В шесть часов утра я пошел к портье, и за пять крон мне открыли калитку в парк, и теперь весь бассейн принадлежал мне одному: майское утро, морозное дыхание с вершин Малых Бескид, но вода в бассейне — тридцать восемь градусов. Соловей уже пел, а кукушка еще куковала. Запах цветущей сирени в каждом порыве ветра. Вода зеленая и прозрачная, и лепестки жасмина на ней.
Я услышал чье-то пыхтенье, меня настигал доктор наук. Из своей комнаты он углядел, что я уже плаваю. Мне стало досадно — не для того давал я чаевые. Не услышать мне теперь ни соловья, ни кукушки. Доктор наук был в отменном расположении духа и, вернувшись к нашему разговору, спросил:
— А вообще, что оно такое, искусство?
— Понятия не имею, — буркнул я между двумя гребками.

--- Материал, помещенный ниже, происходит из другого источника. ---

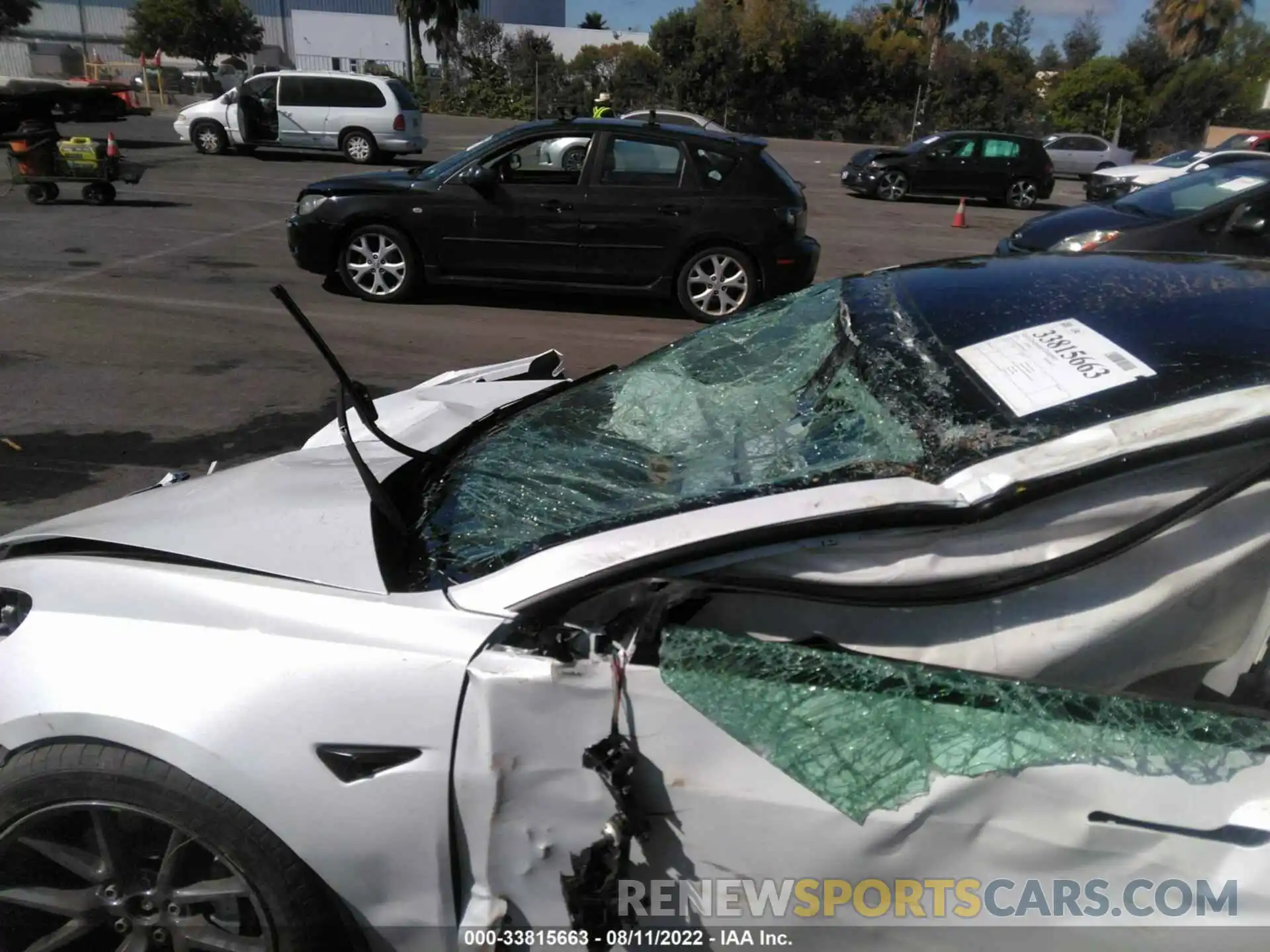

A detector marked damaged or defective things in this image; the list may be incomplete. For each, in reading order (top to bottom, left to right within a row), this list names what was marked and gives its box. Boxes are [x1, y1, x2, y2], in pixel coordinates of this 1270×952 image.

— Я это установлю. — И, продолжая плыть, он ухитрился поднять указательный палец. — Я установлю, что такое искусство, можешь мне поверить!
Видно, на моем лице отразилось недоверие, ибо доктор удалился, как мне показалось, с несколько обиженным видом.
Я еще немного поплавал, недоумевая, почему ученый взывает к вере. В этот день я не пошел обедать в столовую. Я поел в городе.
Казалось бы, в санатории наша старая дружба должна была восстановиться, но, вероятно, мы оба утратили способность к ней. Каждый из нас делал свое дело. Он исследовал, я писал. Признаки наших профессий лежали на нас Каиновой печатью.